I have a piece of cuda-code which processes a large number of small block, each containing a fixed number of bodies. Each of these bodies process identical data set, which also depends on the block id. Simple example of such problem is an n-body problem, were each of these bodies in the block interact with the same set of other bodies, except that this set depends on the block id. There are myriad of implementation of such algorithm, so problem is solved as such.
My interest is to have number of bodies in a block equal to 16 or 32. Ideally, I’d like to use blockSize of 16 or 32 respectively, but unfortunately cuda-performance drops if blockSize < 64. With blockSize=64, only 1/4 or 1/2 of threads are active respectively, so the performance is lost. Use of large number of bodies is possible, but is not desirable. Though the first thing that may come to mind is to split the data set into smaller number of parts if number of bodies < 64, as shown in GPU gems, n-body problem. Unfortunately, it is not possible in my case because the data set is build as it processed, and so its size is not know at the begining.
The solution, which I thought may work, is to logically subdivide a block into warps, i.e. warpId = tid / 32 & warp_tid = tid % 32. Here, I rely on the assumption that GPU splits a block into a nWarp=blockSize/32 number of warps, with each warp processing threads from warpId * 32 to warpId * 32 + 31. Since a given instruction is executed by all threads in a given warp concurrently, and warps do not harass each other data, by design of the algorithm, the race conditions will not occurs, and therefore there is no need to use __syncthreads(); as a bonus each warp has its own code-path.
In this case I can decrease the minimal parallel block of the problem, and yet efficiently use the hardware.
Since it is way to hard to debug a code w/o __syncthreads() (such code won’t run correctly in the device-emulation mode), I wrote the code with __syncthreads() to assure that it works in both emulation & native mode, and run it with blockSize = 32. The code runs as expected, in both modes.

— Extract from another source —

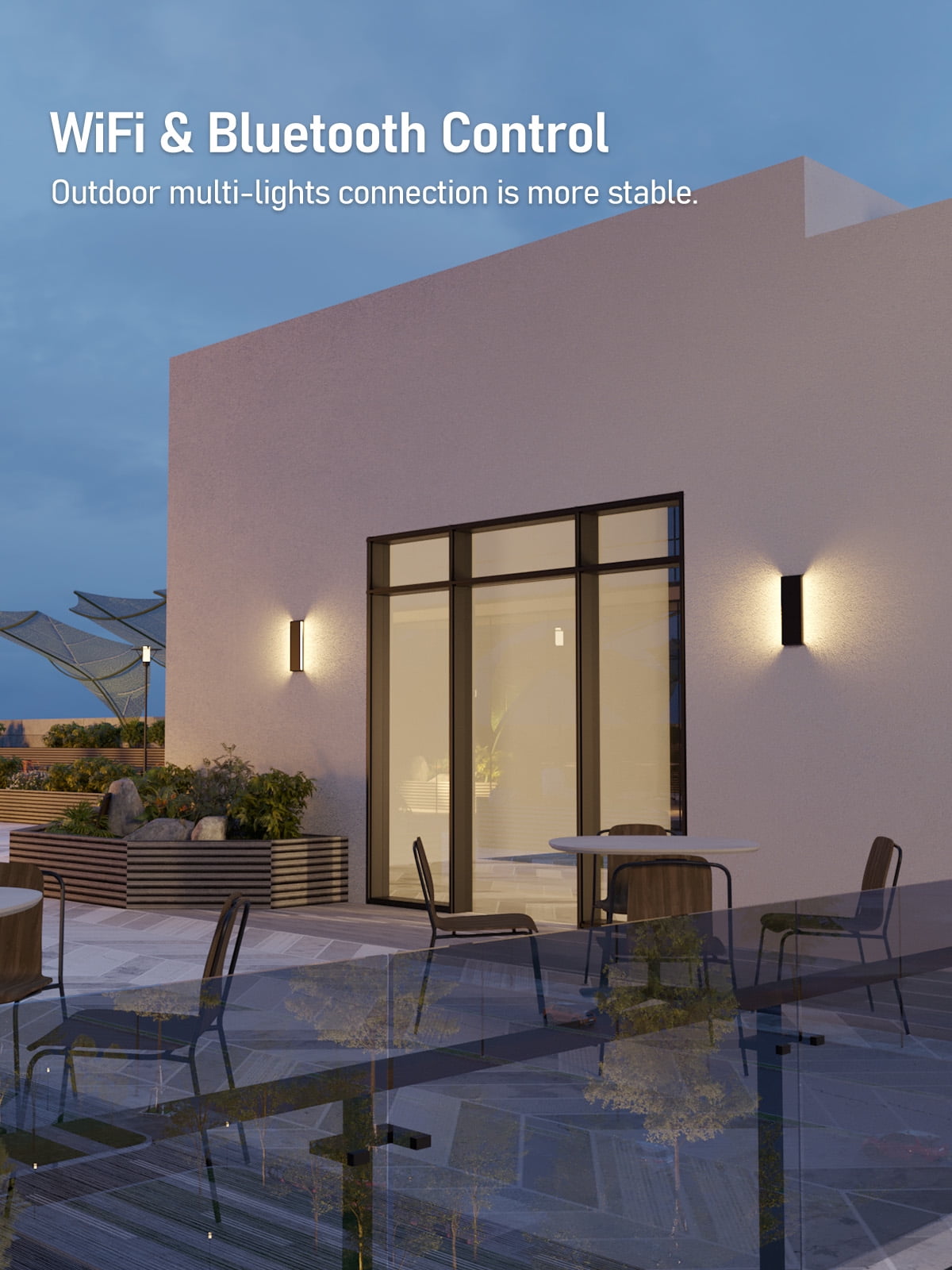 2 Pack 16" LED Modern Smart Wall Sconce Indoor & Outdoor LED Up Down Wall Light, Dimmable Outdoor Wall Lantern, Color Changing, Black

So I proceed removing __syncthreads() from everywhere to test if the code runs. Here I run in myriad of difficulties. Removal of some __syncthreads() do not alter the behaviour of the code (though it will with blockSize = 64 and 64 bodies per block), but there are some places in the code where removal of this barrier causes lock-up of GPU, and this is reproducible. Such lock-ups I can only recover from by cold reboot. :S
Has anyone thought of / implemented such algorithm, which rely on warp-parallelism instead of block-parallelism? Since it is extremely hard to debug the code to nail down the problem–every time code crashes, the PC requires a cold reboot–, and that there could be a bug in the code it self, my other question is whether the assumption that the threads in a block are grouped into warps sequentially is correct or not? Because if it is not, such a scheme will not work and I will have to stick with 64 bodies per thread.